There has been discussions with some members of the Sig-Windows group and it seems this feature does not make sense from the Windows perspective. However, the feature works as intended on Windows. Specifically, when the user configures pod to have an FQDN and sets setHostnameAsFQDN: true, Windows sets the registry value of ‘hostname’ for the registry key HKEY_LOCAL_MACHINE\SYSTEM\CurrentControlSet\Services\Tcpip\Parameters to the pod FQDN. When executing the command hostname, the pod FQDN is returned.

Risks and Mitigations

Design Details

Test Plan

The following end-to-end test is implemented in addition to unit tests:

Create e2e cases for the 3 User scenarios we described and check value returned by hostname/uname -n versus hostname --fqdn

Graduation Criteria

Compatible with major systems (e.g. linux, windows)

Alpha -> Beta Graduation

Gather feedback from users
Ensure e2e tests are running in Testgrid and they are stable

Beta -> GA Graduation

Allowing time for feedback from production users

Upgrade / Downgrade Strategy

We will gate off this feature for one release (1.19), then we enable it by default as Beta in the next release (1.20), then GA in release 1.22

Version Skew Strategy

Old kubelets that do not have support for this feature will just ignore the PodSpec setHostnameAsFQDN field.

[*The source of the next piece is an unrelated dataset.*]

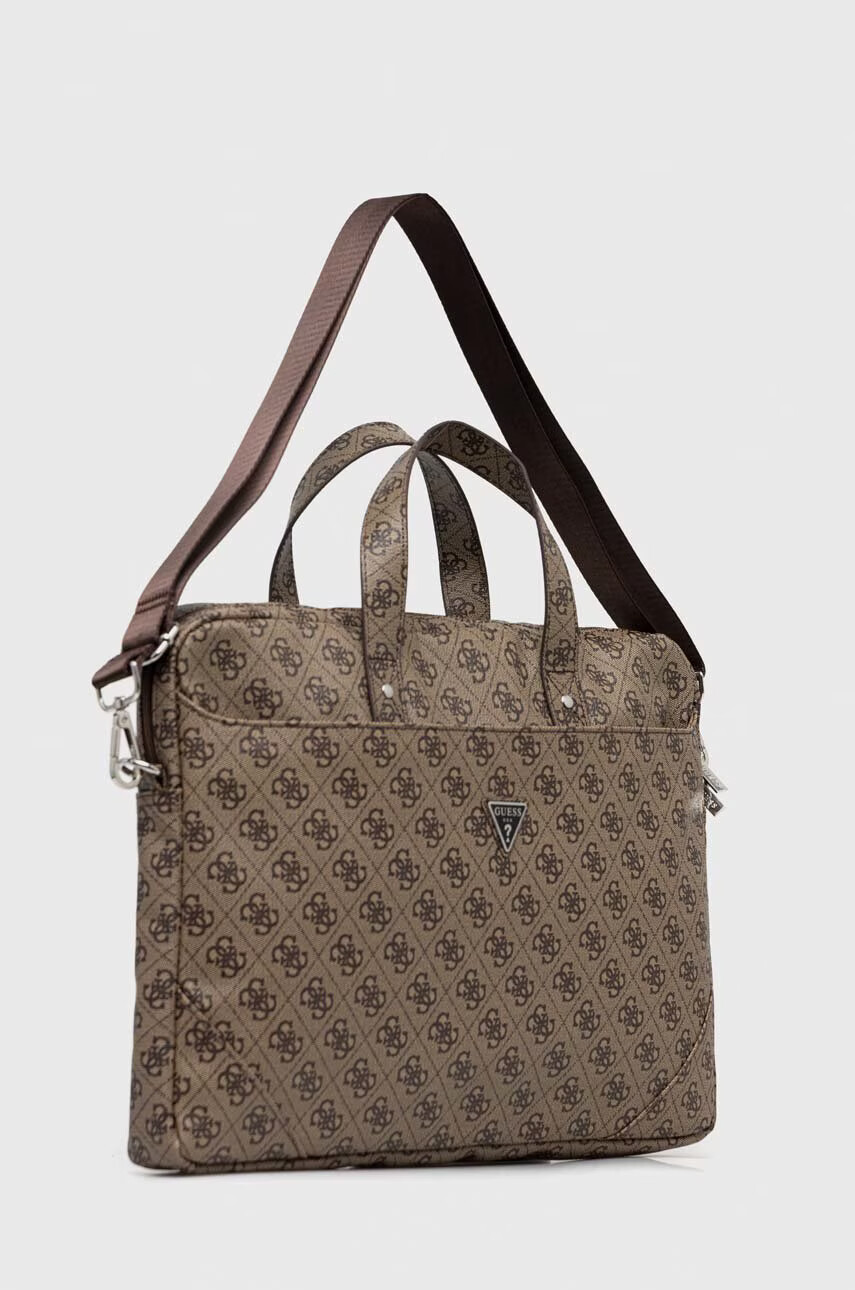 Guess Чанта за лаптоп Torba Na Laptopa 16" - Pepit.bg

Production Readiness Review Questionnaire

Feature enablement and rollback

This section must be completed when targeting alpha to a release.

How can this feature be enabled / disabled in a live cluster?
- Feature gate (also fill in values in kep.yaml)
  - Feature gate name: setHostnameAsFQDN
  - Components depending on the feature gate: kube-apiserver and kubelet
- Other
  - Describe the mechanism:
  - Will enabling / disabling the feature require downtime of the control plane?
  - Will enabling / disabling the feature require downtime or reprovisioning of a node?
Does enabling the feature change any default behavior? No
Can the feature be disabled once it has been enabled (i.e. can we rollback the enablement)? Yes, it can be disabled. However, it will only have effect on newly created pods. Existing pods will keep having their FQDN as hostname, if they were configured for it.
What happens if we reenable the feature if it was previously rolled back? New pods, configured to have FQDN in hostname, will start getting FQDN in the hostname field of kernel.
Are there any tests for feature enablement/disablement? No, only manual testing was performed.

Rollout, Upgrade and Rollback Planning

This section must be completed when targeting beta graduation to a release.

How can a rollout fail? Can it impact already running workloads? No known failure modes.
What specific metrics should inform a rollback? Abnormal increase in run_podsandbox_errors_total count could be related to this feature. We should filter those pods having issues to create sandbox and check whether they are stuck due to the length of their FQDN, as described in the proposal.
Were upgrade and rollback tested? Was upgrade->downgrade->upgrade path tested? Yes. We tested enabling and disabling this feature. Running pods are not affected by either enabling nor disabling this feature. When disabling the feature, running Pods using the feature keep making use of it, while new pods do not get the setHostnameAsFQDN field even if a user tries to set it. Similarly, when reenabling the feature gate, existing pods keep existing behavior, and new pods that define setHostnameAsFQDN make use of the feature as expected.
Is the rollout accompanied by any deprecations and/or removals of features, APIs, fields of API types, flags, etc.? N/A

Monitoring requirements

This section must be completed when targeting beta graduation to a release.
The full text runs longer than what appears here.